As your business processes have evolved to become more agile and demand greater responsiveness, a servicing strategy that operates as a continual process (vs. the old project-based approach) is a real asset. In the past, it was common to hear things like, “Our corporate standard is Windows 7 SP1.” In a process-focused approach, IT organizations focus more on points in time and not typically a single version of anything. Instead of formalizing a standard of Windows 10, version X and Office 365 Pro Plus, version Y, successful adopters I work with tell me something like this:

  • “Our early IT and exploratory users are on the Insider Preview for the upcoming release, looking at new features and testing some of the new management and security capabilities.”
  • “Our pilot group is running on current builds for everything and most of the pilot business users are in our early Office ring, running the Monthly Targeted Channel.”
  • “The largest portion of our production use is on the current branch (Semi-Annual Channel), with updates rolling between 30 and 90 days of release, usually complete by 90 days. Most of these users are also semi-annual channel for Office 365 Pro Plus.”
  • “Our sensitive devices and more complex systems may still be on a previous, but still supported release and will update before support ends, but not on the same aggressive schedule.”

Wow, the environment isn’t standardized on one version? Wait, how do you manage that? In speaking with customers who have successfully changed their internal IT culture by moving from project to process, we’ve learned that one of the keys to a successful, more self-service, peer-support-driven model is to create deployment rings for Windows 10 feature updates, and the adoption and use of data driven insights and analysis, in conjunction with the deployment rings.

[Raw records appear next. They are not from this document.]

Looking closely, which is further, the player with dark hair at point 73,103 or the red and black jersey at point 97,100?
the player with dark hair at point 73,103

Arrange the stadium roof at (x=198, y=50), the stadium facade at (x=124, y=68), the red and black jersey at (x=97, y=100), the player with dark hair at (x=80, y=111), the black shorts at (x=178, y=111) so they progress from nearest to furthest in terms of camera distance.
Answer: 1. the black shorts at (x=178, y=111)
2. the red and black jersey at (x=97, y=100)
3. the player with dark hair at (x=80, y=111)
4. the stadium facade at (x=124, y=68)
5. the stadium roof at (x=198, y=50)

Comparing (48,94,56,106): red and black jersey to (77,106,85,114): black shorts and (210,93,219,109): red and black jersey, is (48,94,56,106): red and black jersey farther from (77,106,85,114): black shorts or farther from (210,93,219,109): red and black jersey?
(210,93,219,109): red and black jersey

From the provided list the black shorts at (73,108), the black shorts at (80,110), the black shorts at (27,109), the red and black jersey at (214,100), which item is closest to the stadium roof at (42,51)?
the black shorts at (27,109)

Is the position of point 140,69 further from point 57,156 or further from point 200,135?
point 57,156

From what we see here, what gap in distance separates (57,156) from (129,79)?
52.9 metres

With deployment rings, you first want to assign a pool, or ring. of early adopters to receive new builds first (and often early) to validate services, experiences, and applications. These early adopters serve as “champions,” and are valuable assets to any IT organization as they generate data and feedback for a feature update before the update is deployed broadly across the organization.

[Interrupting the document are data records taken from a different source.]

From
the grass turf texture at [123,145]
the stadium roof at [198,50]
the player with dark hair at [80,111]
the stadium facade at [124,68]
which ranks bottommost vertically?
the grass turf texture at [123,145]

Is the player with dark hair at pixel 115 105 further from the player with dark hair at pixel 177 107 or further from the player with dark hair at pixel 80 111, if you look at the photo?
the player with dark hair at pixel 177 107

As each ring grows successfully larger, these early adopters and feedback loops are pivotal to deployment success. Imagine this scenario: someone in your workgroup receives an update before you. They’re excited to have the latest technology, they have the inside scoop! When it’s your turn to receive the same update, suddenly you have a question. To whom do you turn? Will you call them or the help desk? Most likely, you will go to your peer first. You now have an employee who feels empowered to help, technology flowing faster across your organization, and, likely, a help desk call (and expense) avoided. This culture builds over time, just like Windows feature updates. As your deployment ring methodology matures, there’s less hand holding, devices are more secure, and users are more productive—the trifecta and the biggest reason to leverage deployment rings to build internal champions.

Before I conclude this post, I’d like to briefly touch on a few key tools and technologies that will support your ability to keep your devices up to date by streamlining the deployment and management of updates.

Anyone who has looked at modern provisioning and cloud delivery of resources has undoubtedly questioned the physics of network strain. In many Windows Autopilot conversations, this is a common concern: “We can’t give out 200 laptops and have everyone go download all of our apps at the same time. It will kill the network.” Remember the champion we created in the previous strategy? Unbeknownst to them, they just provided network relief for the person asking this question—and everyone else around them. Enter Windows 10 Delivery Optimization. Staging content through network devices in branch offices, factory locations, and other locations should be a part of every update management strategy. The bandwidth savings from Delivery Optimization are even visible in Update Compliance, where you can see bandwidth reductions by category, such as Feature Updates, Quality Updates, Office, and Drivers. As you can see from the image below, the update from our early ring has tangible benefits.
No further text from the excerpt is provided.